Pod Disruption Budgets: Availability Guarantees in Kubernetes
Guaranteeing application availability is a key goal for most Kubernetes workloads. However, it’s also important to be able to perform routine maintenance tasks, such as draining nodes or upgrading a cluster control plane - events that could potentially disrupt application availability by causing Pods to go down.
Fortunately, Kubernetes offers a feature to help safeguard against this risk. It’s called Pod disruption budgets, and it makes it possible to ensure that a fixed number of Pods will remain available in the event of planned or voluntary disruptions to your Kubernetes cluster’s state. Read on for details as we explain how Pod disruption budgets work in Kubernetes, why they’re valuable, and how to use them to greatest effect.
.png)
What is a Pod disruption budget in Kubernetes?
In Kubernetes, a Pod disruption budget (PDB) is a type of resource that restricts the number of Pod replicas that can be taken down during a voluntary disruption event.
A voluntary disruption event means a change that a cluster administrator deliberately applies - such as draining a node of Pods or upgrading the Kubernetes control plane software. With a Pod disruption budget in place, Kubernetes will automatically keep a certain number of Pods running within a replicated application during a voluntary disruption event. In this way, the application will remain available to users.
Importantly, Pod disruption budgets don’t guarantee application availability during involuntary disruption events, such as an unexpected node failure. Kubernetes can’t magically keep Pods running if part of your cluster goes down without warning. But it can keep Pods available when it has the ability to plan ahead as part of a voluntary disruption event.
PDBs don’t exist by default in Kubernetes. Admins have to create them manually for any workloads whose availability they want to guarantee during voluntary disruption events.

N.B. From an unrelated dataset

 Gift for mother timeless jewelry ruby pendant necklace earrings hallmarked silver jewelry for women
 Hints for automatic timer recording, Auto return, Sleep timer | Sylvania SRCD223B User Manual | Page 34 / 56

Pod disruption budgets vs. autoscaling, deployments, and maintenance
Pod disruption budgets completing autoscaling, deployments, and maintenance, but they’re not the same thing:
- Autoscaling is a way to modify the number of Pod replicas or to change resource allocations in response to fluctuations in application load. Autoscaling also helps maintain application availability, but it does so when application demand changes, not in response to voluntary disruptions.
- Deployments are a common way of running an application in Kubernetes. Deployments can define a specific number of Pod replicas. The job of Pod disruption budgets is to define how much disruption to the defined replicas can occur, but the replicas themselves are still managed by a deployment.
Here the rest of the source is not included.